Le travail de collecte

La collecte d’histoires vraies réside dans la capacité à créer un lien avec une personne, un rapport de confiance, et dans le plaisir que va engendrer ce lien à travers la forme narrative simple, ce tête-à-tête entre deux êtres qui s’écoutent et se disent. La collecte peut aussi se faire de façon collective, sous la forme de veillées. La reconstitution historique se fera au moyen d’archives et de travaux de recherche qui seront “mis en ondes” sous forme d’une série de podcasts documentaires et de récits (textes, images, illustrations).

Restitution

  • Production d’une série de podcasts et de textes (Partenariat avec des radios italiennes et françaises dans un premier temps – à définir)
  • Hébergement sur le site d’Histoires Vraies de Méditerranée (bibliothèque multimédia)
  • Participation Mise en relation des données collectées avec à l’Atlas des petites îles du PIM
  • Organisation d’évènements culturels et scientifiques (partenariat à définir avec les Instituts fFrançais, les laboratoires de recherche et les musées d’archéologie par exemple)
  • Un spectacle de marionnettes, de burratini, avec l’association Blitz de Palerme ?

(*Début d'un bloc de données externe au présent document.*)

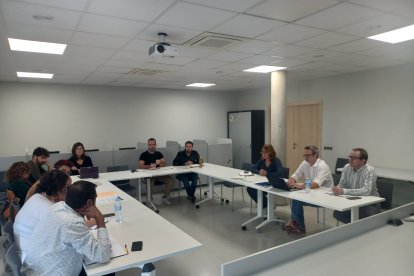 La reunió del consell amb institucions i entitats turístiques.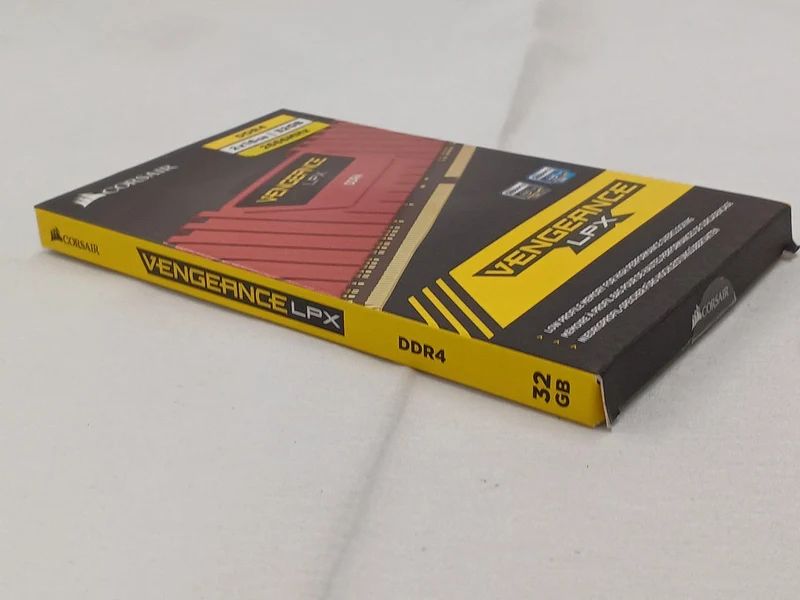 CORSAIR DDR4-Speicher CMK32GX4M2A2666C16R
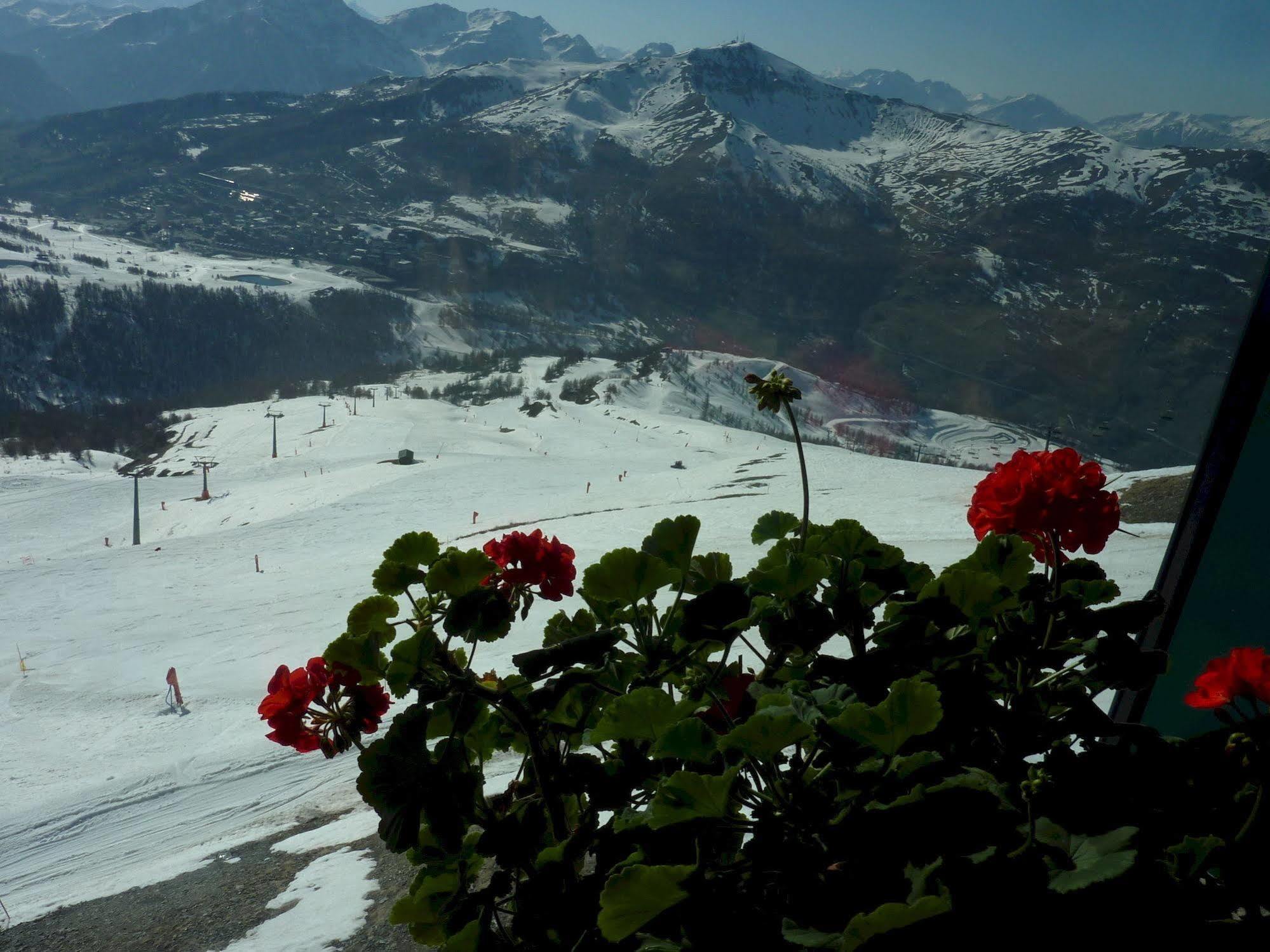 Tana Della Volpe Hotel Sestriere Bagian luar foto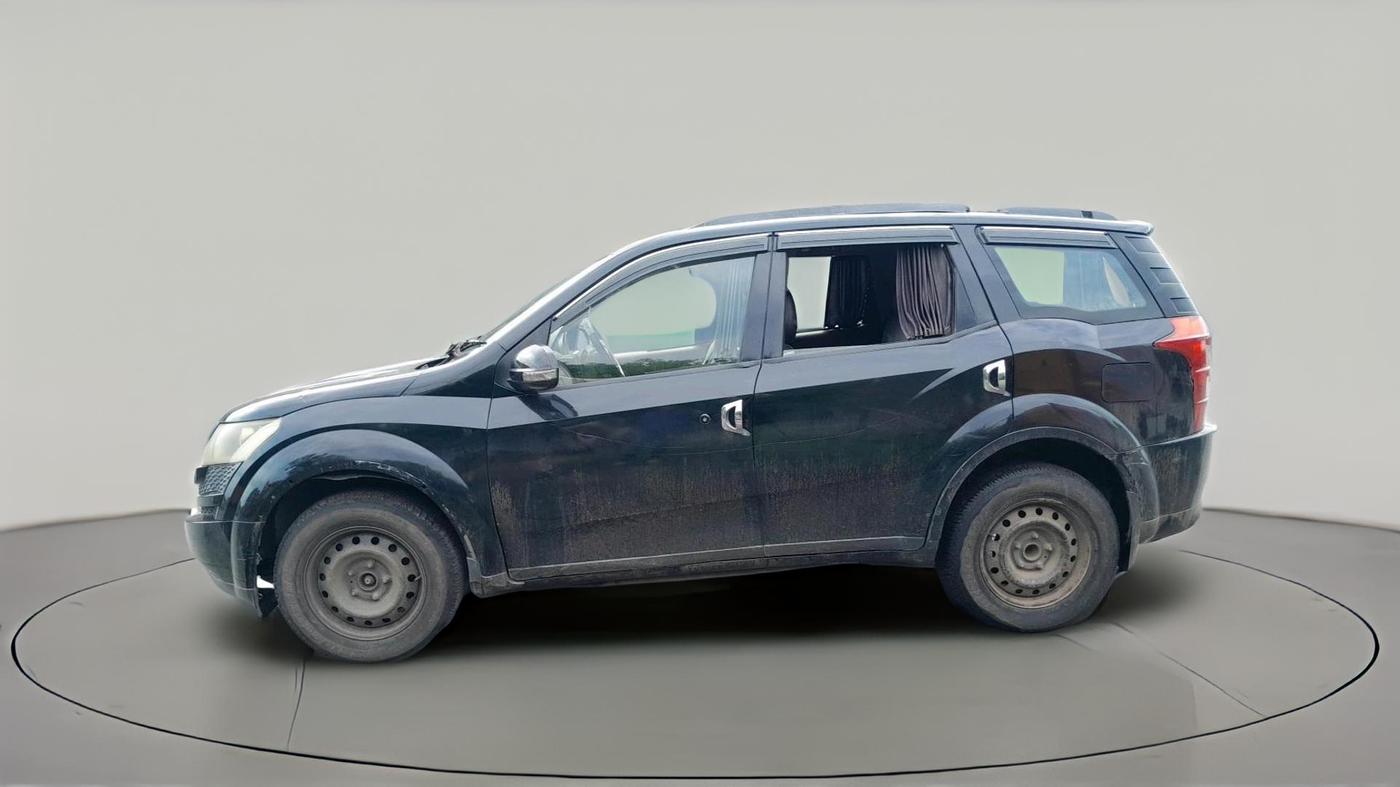 2011 Mahindra XUV500 W6, Diesel, Manual, 1,89,932 km, exterior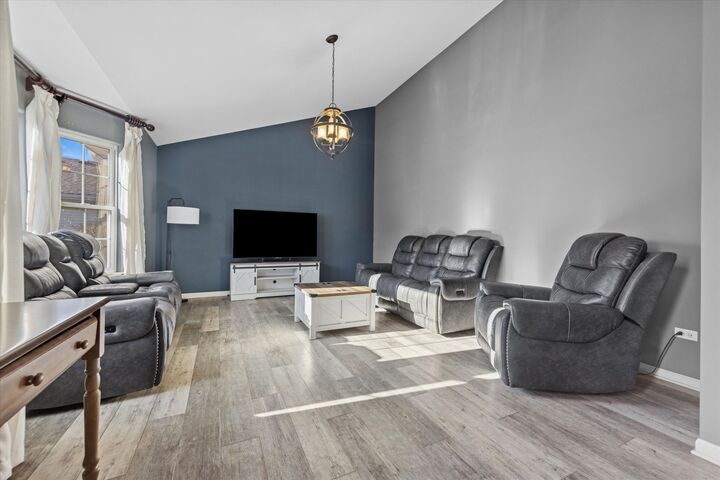 Property Photo: 25632 S Fieldstone Court IL 60410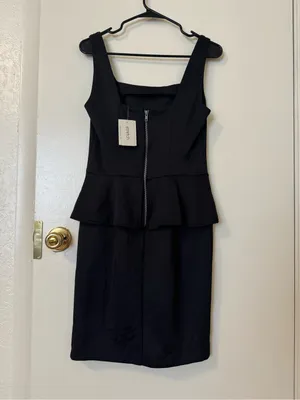 Beige by ECI Black Sleeveless Peplum Cocktail Dress Square Neck NWT Size 8 thumbnail 4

Un projet de Marine Vlahovic

Marine Vlahovic nous a quittés le 25 novembre 2024, nous laissant bien désemparés, tant sa joyeuse énergie, son rire communicatif et son enthousiasme, qui semblaient indéfectibles, ne laissaient pas présager son terrible départ.

Marine avait proposé plusieurs projets à notre association et les avait réalisés avec l’investissement et le professionnalisme que nous lui connaissons.

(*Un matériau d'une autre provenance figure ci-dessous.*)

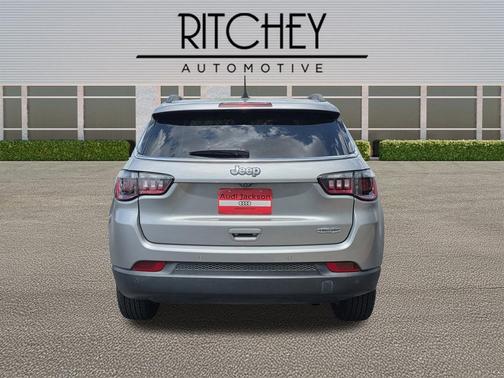Billet Silver Metallic Clearcoat 2022 Jeep Compass Latitude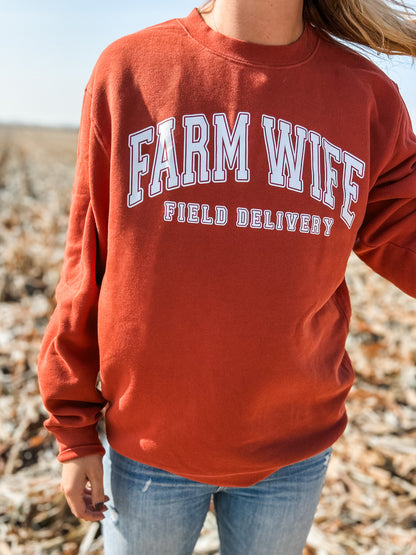 University Style ‘Farm Wife Field Delivery’ Rust Crew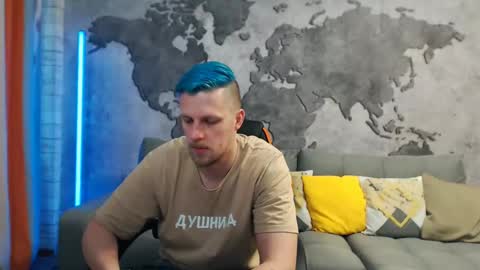Snapshot of vikingchrisss chatting on February 8, 10:18 am vikingchrisss online show from February 8, 10:18 am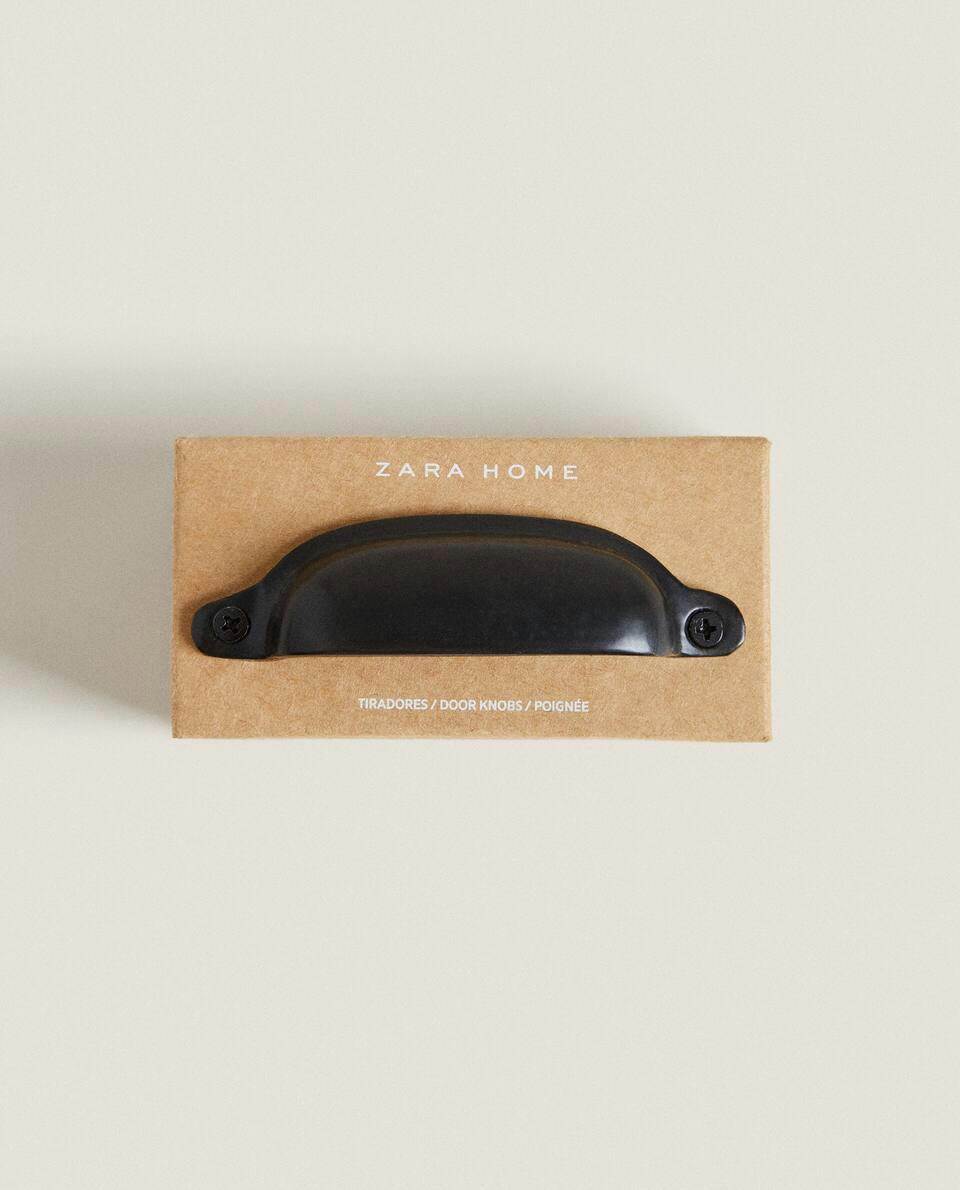 ELONGATED METAL DOOR KNOB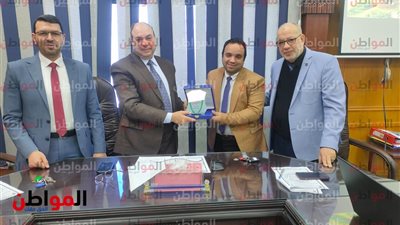 صور .. «تربية الأزهر» تكرم الدكتور خالد مجاهد لتميزه في كتابة المصحف الشريف.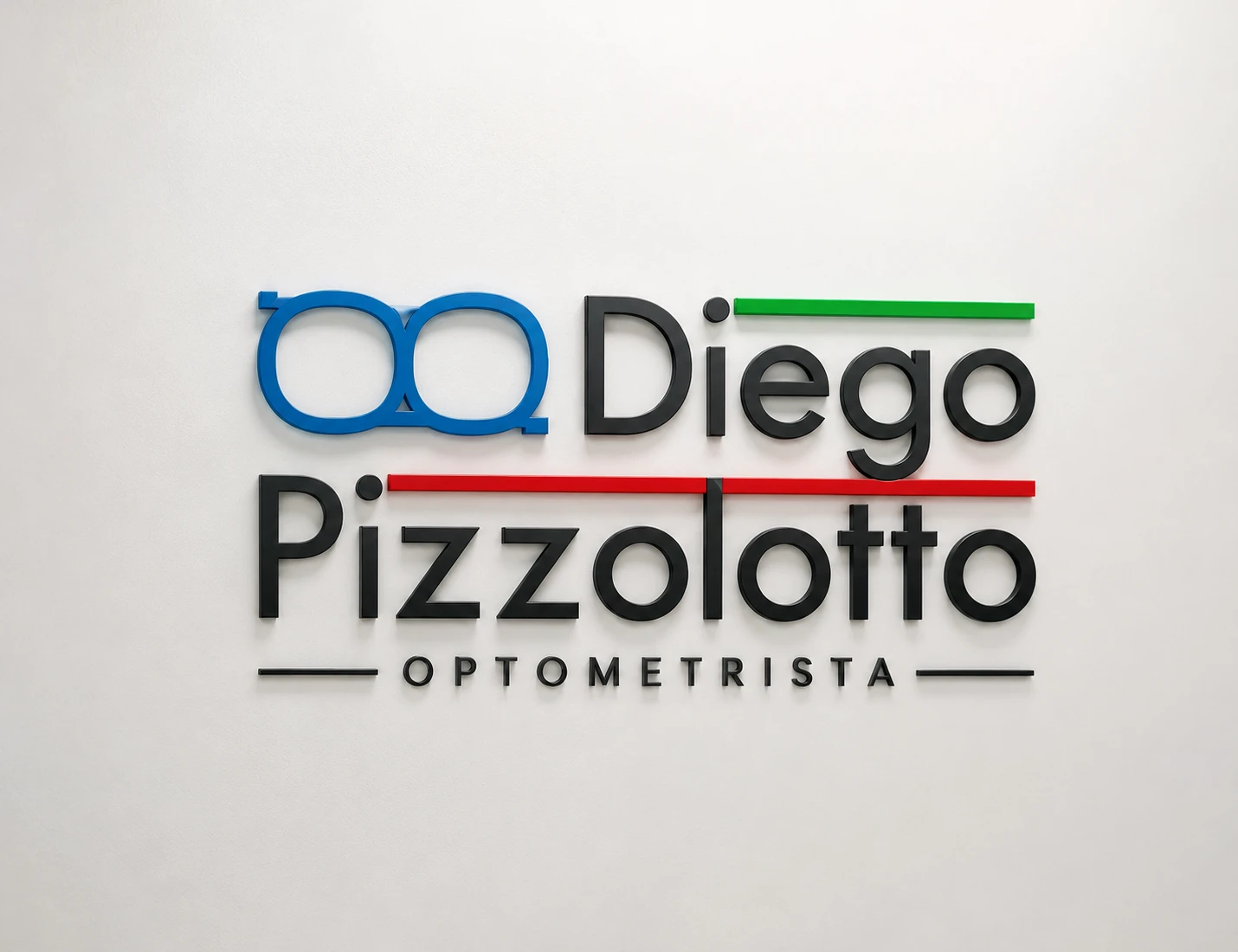 Diego Pizzolotto, optometrista em Sapucaia do Sul, durante atendimento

Dans le cadre d’un récent partenariat entre Histoires vraies de Méditerranée (HVM) et l’École française de Rome, elle avait réalisé une enquête sur les petites îles de Méditerranée, en commençant par Ischia. Sillonnant l’île sur un scooter de location, elle avait collecté maintes histoires qu’elle avait présentées, au nom d’HVM, en juin 2023 lors des 10 ans du Mucem.

Et puis, après le 7 octobre, et dès les premiers bombardements sur Gaza, Marine était partie au Caire pour se rapprocher des Gazaouis. Elle avait vécu dans les Territoires palestiniens entre 2016 et 2019, lorsqu’elle y était correspondante pour RFI. Elle a alors produit pour ArteRadio un formidable podcast, primé, Carnets de correspondante, témoignant du lien indéfectible qu’elle avait tissé avec les habitants.

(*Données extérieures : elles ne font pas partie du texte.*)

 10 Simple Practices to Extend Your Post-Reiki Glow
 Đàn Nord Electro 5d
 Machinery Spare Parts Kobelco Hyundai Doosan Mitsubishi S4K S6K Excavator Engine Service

Au Caire, en journaliste engagée, elle se démenait pour transmettre l’information. Avec sa grande humanité, elle collectait des produits de première nécessité qu’elle faisait acheminer aux Gazaouis sous les bombes.
Concernée également par les enjeux de société, dans un partenariat qu’elle avait mis en place entre HVM et l’Institut français d’Égypte, elle avait eu l’idée de recueillir, à Alexandrie et au Caire, des Histoires spontanées, enquêtant sur les pratiques des réseaux sociaux par les jeunes égyptiens.

Passionnée et solaire, elle communiquait avec les gens dans différentes langues de Méditerranée, principalement en italien et en arabe égyptien. Par la généreuse énergie qu’elle dégageait, Marine rassemblait, à Marseille, son port d’attache, ville au visage métissé, et ailleurs dans le monde, des personnalités de tous horizons.

Marine a transmis à notre association son talent créatif, ainsi que le sens de l’action collective et du partage. Elle nous manquera terriblement. Notre association pense à sa famille et à ses proches, et s’associe à leur chagrin.